In stage I, the effects of varying the FeCl2 concentration on the properties of
magnetic nanoparticles produced by Massart’s procedure were investigated. The lattice
parameters of the samples obtained from XRD analysis revealed that the nanoparticles
formed were maghemites (γ-Fe2O3). The magnetization curves showed no hysteresis,
indicating that the particles were superparamagnetic. The crystallite, magnetic and
physical sizes were similar, indicating that the particles were monocrystals. When the
FeCl2 concentration increased from 0.1 to 1.0M, the size of as-synthesized maghemite
nanoparticles decreased. However, when the FeCl2 concentration was increased further,
the size of as-synthesized maghemite nanoparticles increased. This indicates that a very
low or a very high FeCl2 concentration leads to the formation of larger particles. In
addition, agglomeration and aggregation occurred for most samples.

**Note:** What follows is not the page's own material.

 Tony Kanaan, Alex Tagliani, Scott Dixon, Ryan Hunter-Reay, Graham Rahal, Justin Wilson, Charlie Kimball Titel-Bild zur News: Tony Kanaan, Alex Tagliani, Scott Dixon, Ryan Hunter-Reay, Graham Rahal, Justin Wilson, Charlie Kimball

Superparamagnetic
maghemite nanoparticles with the smallest size were chosen to proceed to stage II and
stage III.
Maghemite-silica xerogel nanocomposites were produced by dispersing the assynthesized
maghemite nanoparticles into silica xerogel by sol-gel technique. The phase analysis performed using XRD confirmed that the encapsulated nanoparticles were
maghemites. TEM micrographs showed that the maghemite nanoparticles were
spherical and homogeneously incorporated into the silica xerogel matrix. The surface
area of the nanocomposites was less than 40m2/g. This was probably due to the fact that
majority of the pores in the silica gel were filled by as-synthesized maghemite
nanoparticles. Reduction in average crystallite size of dispersed maghemite particles
was observed after the encapsulation process compared to as-synthesized maghemite
nanoparticles. However, increasing the weight ratio of Fe2O3/SiO2 in nanocomposites
caused an increase in average crystallite size of embedded maghemite nanoparticles.

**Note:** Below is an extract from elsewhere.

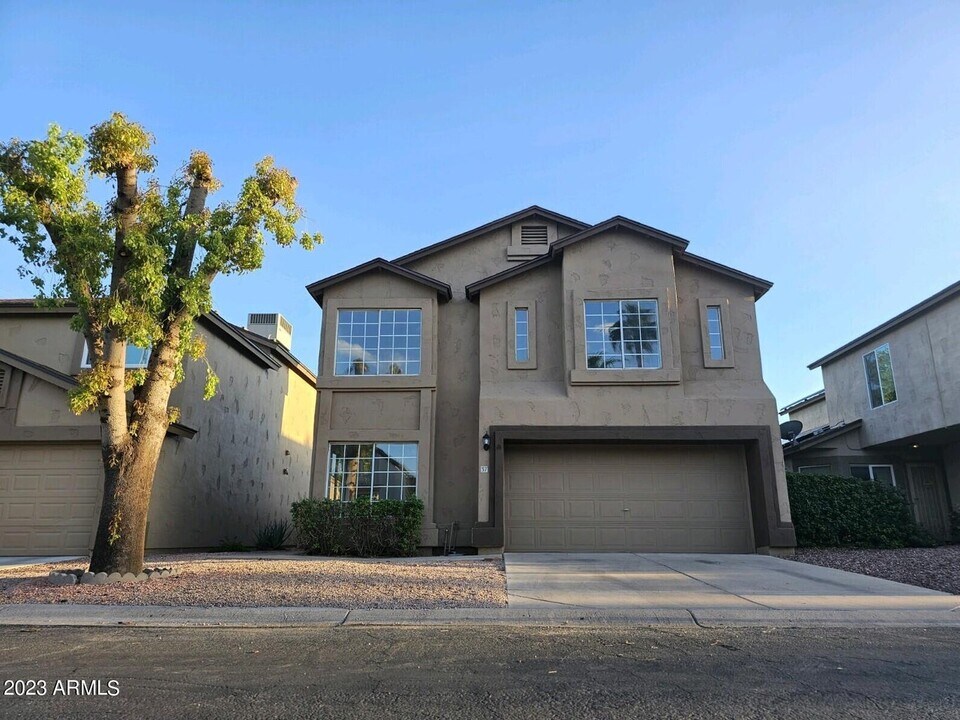 1811 S 39th St in Mesa, AZ - Building Photo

Maghemite-silica particulate nanocomposites were prepared by a modified solgel
process. The purpose of changing the matrix from xerogel to particulate form was to
increase the surface area and retain its properties. It is a promising alternative technique
for fabricating nanocomposites because it is simple, manufacturable, inexpensive, fast,
can be prepared at room temperature and its ability to control the composition,
crystalline distribution and properties of maghemite nanoparticles and nanocomposites.
Moreover, no surfactant or other unnecessary precursor was involved. The HRTEM
micrograph revealed that the embedded particle (core) was with the presence of atomic
interspaces indicating that the particles were crystalline and covered with a noncrystalline
material. The EELS result showed the presence of Fe-L3 signals, which
proves that the embedded particles were iron-based compounds. In stage III, a very high
surface area was attained for the produced nanocomposites (360 – 390 m2/g), compared
with those of stage II. This enhances the sensitivity and the reactivity of the
nanocomposites.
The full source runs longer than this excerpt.